*WORK REQUEST*: Output every line of the listing as it stands.

*RECORDS TO USE*:
=== Begin Enclosure ===
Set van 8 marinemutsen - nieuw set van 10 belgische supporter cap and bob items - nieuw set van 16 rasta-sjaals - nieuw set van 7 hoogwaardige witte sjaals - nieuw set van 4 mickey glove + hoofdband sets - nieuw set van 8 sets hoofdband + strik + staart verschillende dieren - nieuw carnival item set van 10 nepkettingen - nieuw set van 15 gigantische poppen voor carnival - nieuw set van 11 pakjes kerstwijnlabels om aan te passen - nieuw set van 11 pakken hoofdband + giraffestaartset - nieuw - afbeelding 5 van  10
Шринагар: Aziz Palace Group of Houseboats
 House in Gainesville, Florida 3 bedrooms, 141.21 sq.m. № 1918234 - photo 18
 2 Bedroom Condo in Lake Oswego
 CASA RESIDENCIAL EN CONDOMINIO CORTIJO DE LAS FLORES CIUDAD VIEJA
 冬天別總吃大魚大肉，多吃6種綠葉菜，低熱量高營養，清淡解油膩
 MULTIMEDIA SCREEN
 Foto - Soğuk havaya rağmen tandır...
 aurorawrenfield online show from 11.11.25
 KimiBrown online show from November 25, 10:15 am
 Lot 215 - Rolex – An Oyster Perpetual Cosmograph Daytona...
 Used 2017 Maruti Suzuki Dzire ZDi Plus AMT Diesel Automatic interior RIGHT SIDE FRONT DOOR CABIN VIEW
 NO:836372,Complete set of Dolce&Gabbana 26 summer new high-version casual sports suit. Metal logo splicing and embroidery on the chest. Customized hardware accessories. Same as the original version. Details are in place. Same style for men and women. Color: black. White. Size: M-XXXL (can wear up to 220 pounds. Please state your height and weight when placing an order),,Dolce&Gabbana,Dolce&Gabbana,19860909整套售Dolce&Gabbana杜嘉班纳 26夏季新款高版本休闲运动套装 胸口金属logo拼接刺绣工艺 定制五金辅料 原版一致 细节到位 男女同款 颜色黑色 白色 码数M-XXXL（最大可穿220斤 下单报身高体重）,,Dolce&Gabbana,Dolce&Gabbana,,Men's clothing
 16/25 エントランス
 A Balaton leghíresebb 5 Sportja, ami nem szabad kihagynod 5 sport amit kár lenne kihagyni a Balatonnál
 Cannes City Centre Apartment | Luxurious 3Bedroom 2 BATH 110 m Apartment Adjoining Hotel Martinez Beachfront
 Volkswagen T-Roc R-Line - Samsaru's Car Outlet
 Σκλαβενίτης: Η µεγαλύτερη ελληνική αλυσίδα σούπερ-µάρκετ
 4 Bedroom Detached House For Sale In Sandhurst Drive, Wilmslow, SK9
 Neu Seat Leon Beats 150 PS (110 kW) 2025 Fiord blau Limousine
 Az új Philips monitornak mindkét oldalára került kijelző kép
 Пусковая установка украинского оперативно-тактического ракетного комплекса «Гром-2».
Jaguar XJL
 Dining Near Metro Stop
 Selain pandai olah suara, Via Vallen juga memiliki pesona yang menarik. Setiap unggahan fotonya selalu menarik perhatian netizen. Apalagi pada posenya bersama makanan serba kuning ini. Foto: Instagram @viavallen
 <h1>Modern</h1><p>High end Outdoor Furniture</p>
=== End Enclosure ===
*THE COMPLETED TASK*:
Set van 8 marinemutsen - nieuw set van 10 belgische supporter cap and bob items - nieuw set van 16 rasta-sjaals - nieuw set van 7 hoogwaardige witte sjaals - nieuw set van 4 mickey glove + hoofdband sets - nieuw set van 8 sets hoofdband + strik + staart verschillende dieren - nieuw carnival item set van 10 nepkettingen - nieuw set van 15 gigantische poppen voor carnival - nieuw set van 11 pakjes kerstwijnlabels om aan te passen - nieuw set van 11 pakken hoofdband + giraffestaartset - nieuw - afbeelding 5 van  10
Шринагар: Aziz Palace Group of Houseboats
 House in Gainesville, Florida 3 bedrooms, 141.21 sq.m. № 1918234 - photo 18
 2 Bedroom Condo in Lake Oswego
 CASA RESIDENCIAL EN CONDOMINIO CORTIJO DE LAS FLORES CIUDAD VIEJA
 冬天別總吃大魚大肉，多吃6種綠葉菜，低熱量高營養，清淡解油膩
 MULTIMEDIA SCREEN
 Foto - Soğuk havaya rağmen tandır...
 aurorawrenfield online show from 11.11.25
 KimiBrown online show from November 25, 10:15 am
 Lot 215 - Rolex – An Oyster Perpetual Cosmograph Daytona...
 Used 2017 Maruti Suzuki Dzire ZDi Plus AMT Diesel Automatic interior RIGHT SIDE FRONT DOOR CABIN VIEW
 NO:836372,Complete set of Dolce&Gabbana 26 summer new high-version casual sports suit. Metal logo splicing and embroidery on the chest. Customized hardware accessories. Same as the original version. Details are in place. Same style for men and women. Color: black. White. Size: M-XXXL (can wear up to 220 pounds. Please state your height and weight when placing an order),,Dolce&Gabbana,Dolce&Gabbana,19860909整套售Dolce&Gabbana杜嘉班纳 26夏季新款高版本休闲运动套装 胸口金属logo拼接刺绣工艺 定制五金辅料 原版一致 细节到位 男女同款 颜色黑色 白色 码数M-XXXL（最大可穿220斤 下单报身高体重）,,Dolce&Gabbana,Dolce&Gabbana,,Men's clothing
 16/25 エントランス
 A Balaton leghíresebb 5 Sportja, ami nem szabad kihagynod 5 sport amit kár lenne kihagyni a Balatonnál
 Cannes City Centre Apartment | Luxurious 3Bedroom 2 BATH 110 m Apartment Adjoining Hotel Martinez Beachfront
 Volkswagen T-Roc R-Line - Samsaru's Car Outlet
 Σκλαβενίτης: Η µεγαλύτερη ελληνική αλυσίδα σούπερ-µάρκετ
 4 Bedroom Detached House For Sale In Sandhurst Drive, Wilmslow, SK9
 Neu Seat Leon Beats 150 PS (110 kW) 2025 Fiord blau Limousine
 Az új Philips monitornak mindkét oldalára került kijelző kép
 Пусковая установка украинского оперативно-тактического ракетного комплекса «Гром-2».
Jaguar XJL
 Dining Near Metro Stop
 Selain pandai olah suara, Via Vallen juga memiliki pesona yang menarik. Setiap unggahan fotonya selalu menarik perhatian netizen. Apalagi pada posenya bersama makanan serba kuning ini. Foto: Instagram @viavallen
 <h1>Modern</h1><p>High end Outdoor Furniture</p>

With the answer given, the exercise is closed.